The complaint alleges that after purchasing the land in 1992, Exxon applied for and received a zoning variance and permit to install a multiservice convenience store and gas station. Thereafter, the plaintiff alleges that Exxon applied for and received a second permit enabling Exxon to construct a car wash facility on the same premises. The plaintiff continues and recites that Exxon failed to meet certain conservation requirements in applying for permits that may have an effect on wetlands. The plaintiff then alleges, inter alia, that the City of Danbury was in error with regard to their granting of the two permits. The allegations set forth by the plaintiff include the following:

Upon information and belief at all times hereinafter mentioned, the City of Danbury is moving irresponsibly in not preserving this wetland area, and approving applications based on bias and hasty reports of self-proclaimed "Soil Scientists" that are hired by the applicants.

The city officials must not look the other way and let EXXON get away with this alarming incident, especially when oil tanks containing thousands of gallons of contaminating material will be buried and submersed in ground water.

That the City of Danbury recognizes that the above indicated land is a wetland as previously alluded. Consequently, the authority of said city, by permitting the construction of this facility, is working outside the scope of environmental Federal and State statutes and regulations.

[T]he defendants . . . have not given advance notice to the plaintiff as a directly affected owner of the abutting property located only a few feet from the same location of the proposed layout of this large facility.

That the necessary operations of the proposed facility and the CT Page 2944 conditions created thereof, will also lessen the value of the plaintiff's property including in particular the rent value and will make it impossible to rent it. That this situation also deprives the plaintiff of his full enjoyment of his home and its premises, invades the `property rights' and constitutes a `private nuisance' as well as `public nuisance.'

(Amended Complaint dated November 30, 1994, pars. 7, 8, 11, 12, 16.)

In his prayer for relief, the plaintiff seeks:

That the two permits related to the installation of EXXON Gas Station and its Car Wash Facility be immediately suppressed and annulled.
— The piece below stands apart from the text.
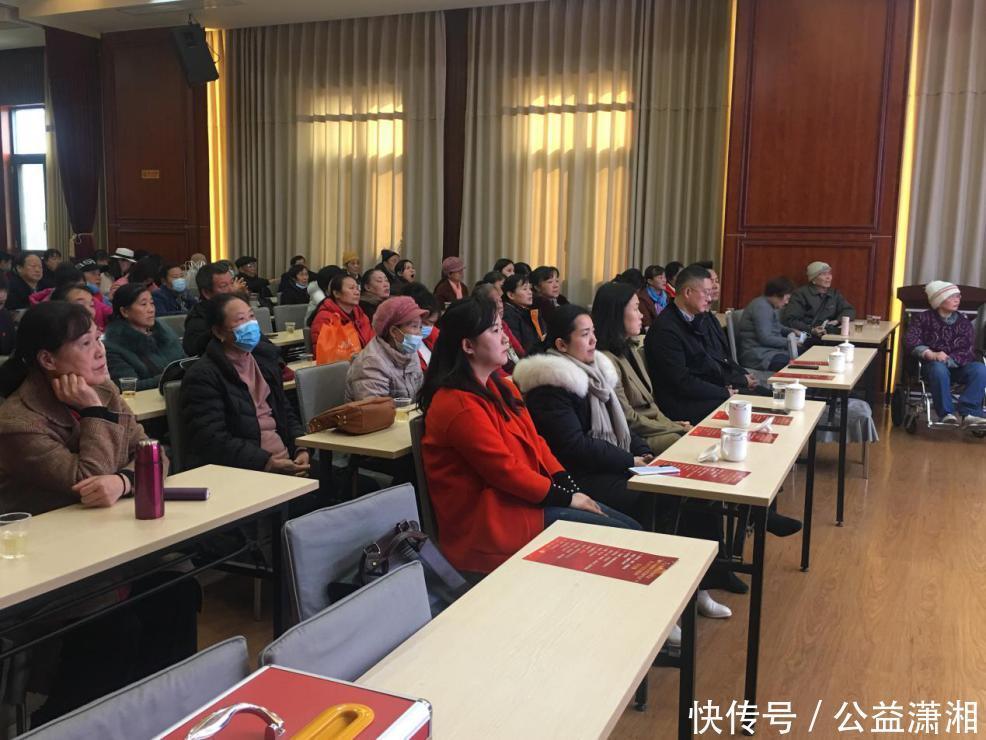 滩头坪社区:“共建幸福家园·共享美好生活”迎元旦文艺汇演活动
That an injunction order be applied requiring EXXON to refrain from pursuing, developing and installing this facility because it infringes on plaintiff's personal interest, his health, safety and prevention of economic uses of his property in addition to extinguishing the regulations and laws.

That the City of Danbury shall act immediately and use the power given by the State and the Federal Government and to order EXXON to restore the wetland soil to its original condition.

In the alternative, plaintiff prays for damages in the amount of $200,000 against defendants severally and collectively for depriving him of enjoying the practical and welfare rights of his property. . . .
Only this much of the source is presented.